╔══
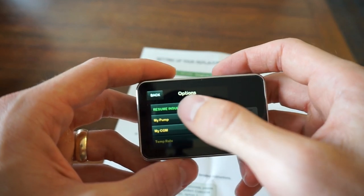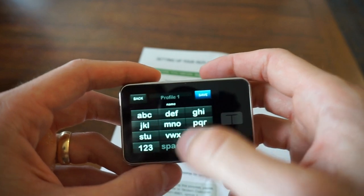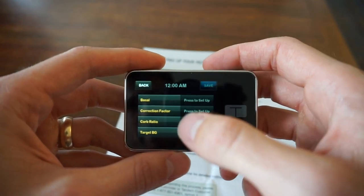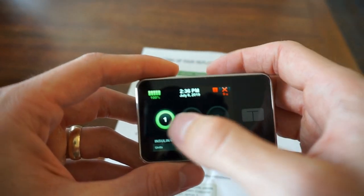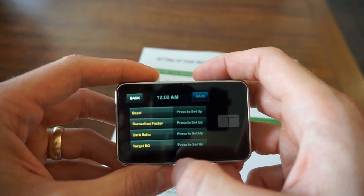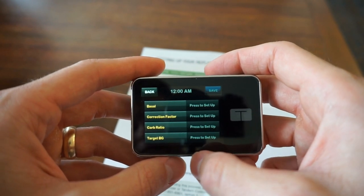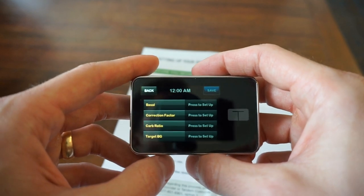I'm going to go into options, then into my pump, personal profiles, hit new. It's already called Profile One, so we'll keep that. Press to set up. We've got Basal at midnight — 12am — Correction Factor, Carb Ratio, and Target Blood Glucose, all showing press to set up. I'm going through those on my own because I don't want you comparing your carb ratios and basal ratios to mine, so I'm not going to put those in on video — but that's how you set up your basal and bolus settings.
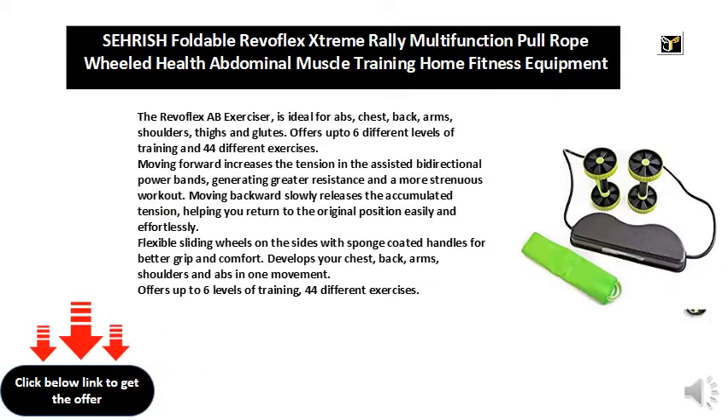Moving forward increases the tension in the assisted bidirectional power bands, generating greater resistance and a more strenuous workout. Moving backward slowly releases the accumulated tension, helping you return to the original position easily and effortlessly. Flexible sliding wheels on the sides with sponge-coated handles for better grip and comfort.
╚══
╔══
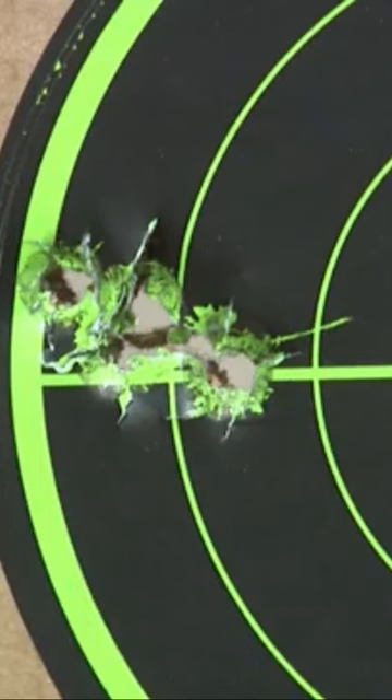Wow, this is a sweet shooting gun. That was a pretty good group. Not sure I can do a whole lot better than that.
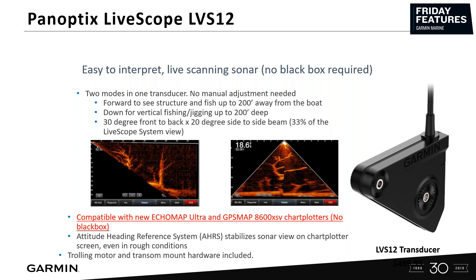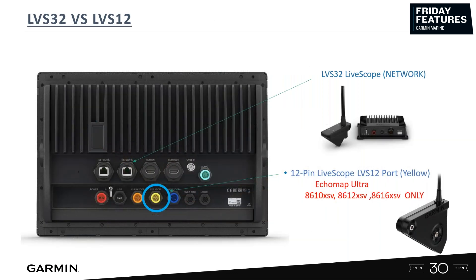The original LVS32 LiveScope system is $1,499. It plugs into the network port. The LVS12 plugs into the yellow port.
╚══
- [WHAT YOU HAVE TO DO] Exact copy, pictures excluded: from the line with "I'm going to" up to and including the line with "Moving forward increases" in the data above.

- [EXERCISE RESULT]
I'm going to go into options, then into my pump, personal profiles, hit new. It's already called Profile One, so we'll keep that. Press to set up. We've got Basal at midnight — 12am — Correction Factor, Carb Ratio, and Target Blood Glucose, all showing press to set up. I'm going through those on my own because I don't want you comparing your carb ratios and basal ratios to mine, so I'm not going to put those in on video — but that's how you set up your basal and bolus settings.
Moving forward increases the tension in the assisted bidirectional power bands, generating greater resistance and a more strenuous workout. Moving backward slowly releases the accumulated tension, helping you return to the original position easily and effortlessly. Flexible sliding wheels on the sides with sponge-coated handles for better grip and comfort.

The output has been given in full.